View of a Hunsaker Mon-Jet tube in the glottis providing unobstructed access to the laryngeal pathology to be surgically treated

Fig. 4
figure 4

View of a Hunsaker Mon-Jet tube secured at the corner of a patient’s mouth with jet ventilator tubing suspended to prevent kinking. Note the oral airway to allow egress of air when the rigid laryngoscope is not in use

From our experience, total intravenous anesthesia (TIVA) combined with neuromuscular relaxation provides optimal anesthetic conditions. To minimize coughing and laryngospasm at the end of the case, the vocal cords can be sprayed with 4% lidocaine. When faced with an anticipated or known difficult airway, standard airway algorithms should be applied.

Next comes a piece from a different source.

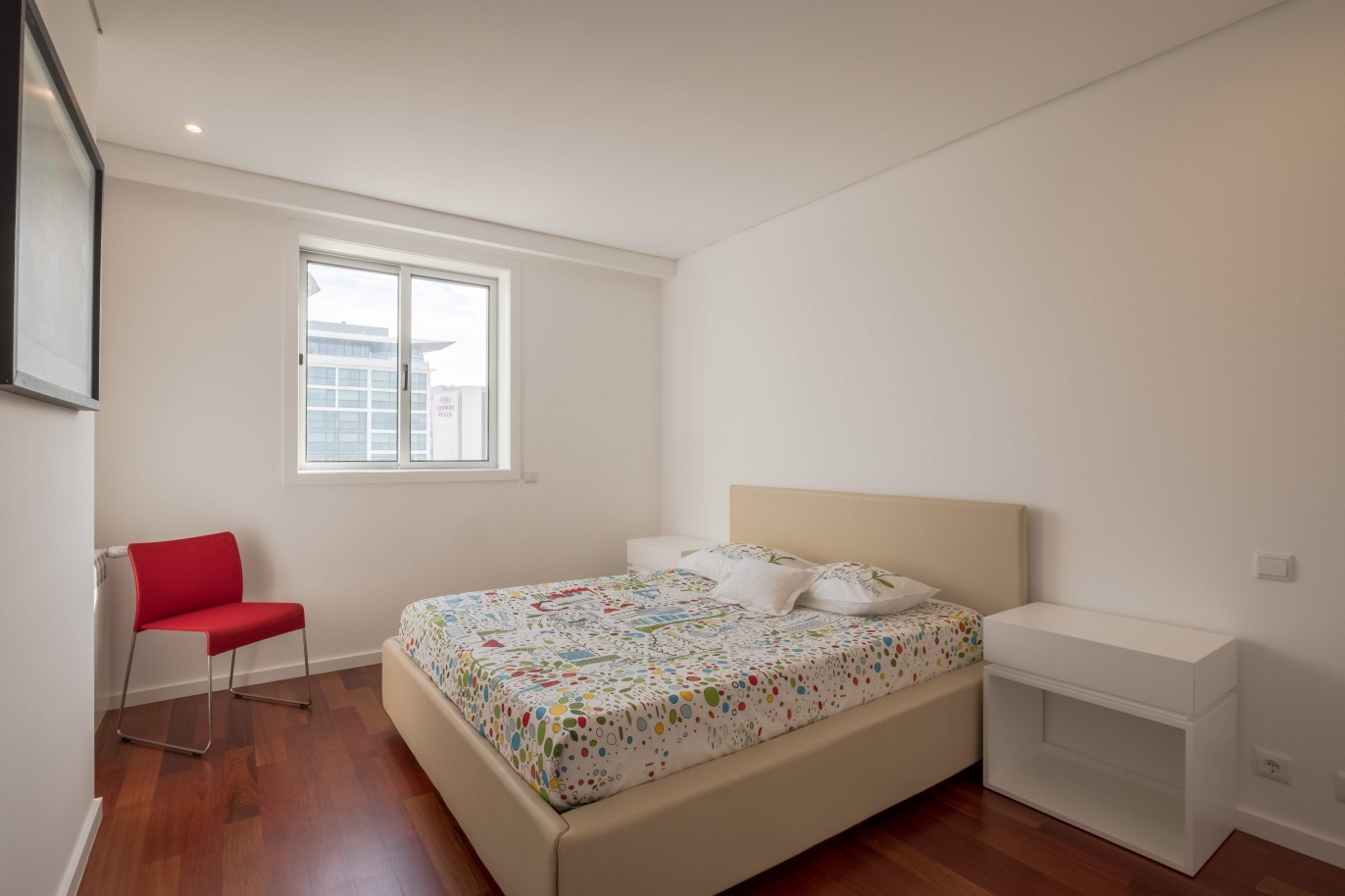 New and modern apartment, for sale in Porto, near Boavista, Portugal_128708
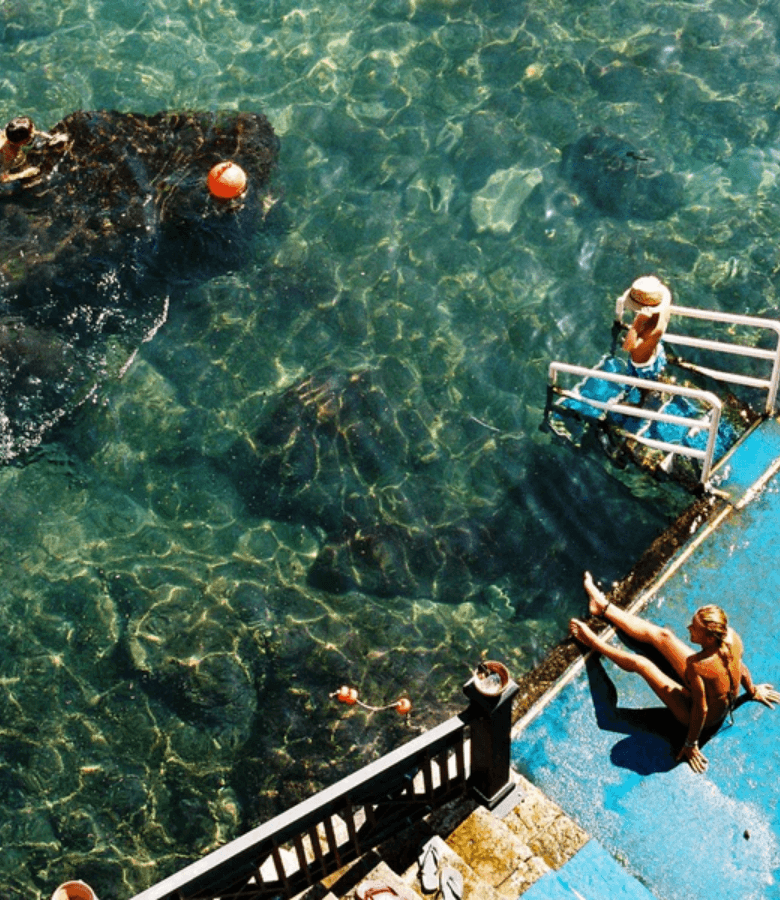 LIBRO A WEEK ABROAD PUGLIA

In 1994, Hunsaker improved on a novel airway device for subglottic ventilation that addressed the major concern of barotrauma, which had previously been an issue with this ventilatory mode and other airway devices.3 Our series confirms Hunsaker’s premise that the Hunsaker Mon-Jet tube, in conjunction with an automatic jet ventilator, is a safe subglottic tube that minimizes the risk of barotrauma. This technique provides surgeons with an essentially unobstructed view of the larynx and a laser-safe environment. Anesthesiologists who manage patients with either easy or difficult airways for this type of airway surgery should consider incorporating this technique in their clinical practice.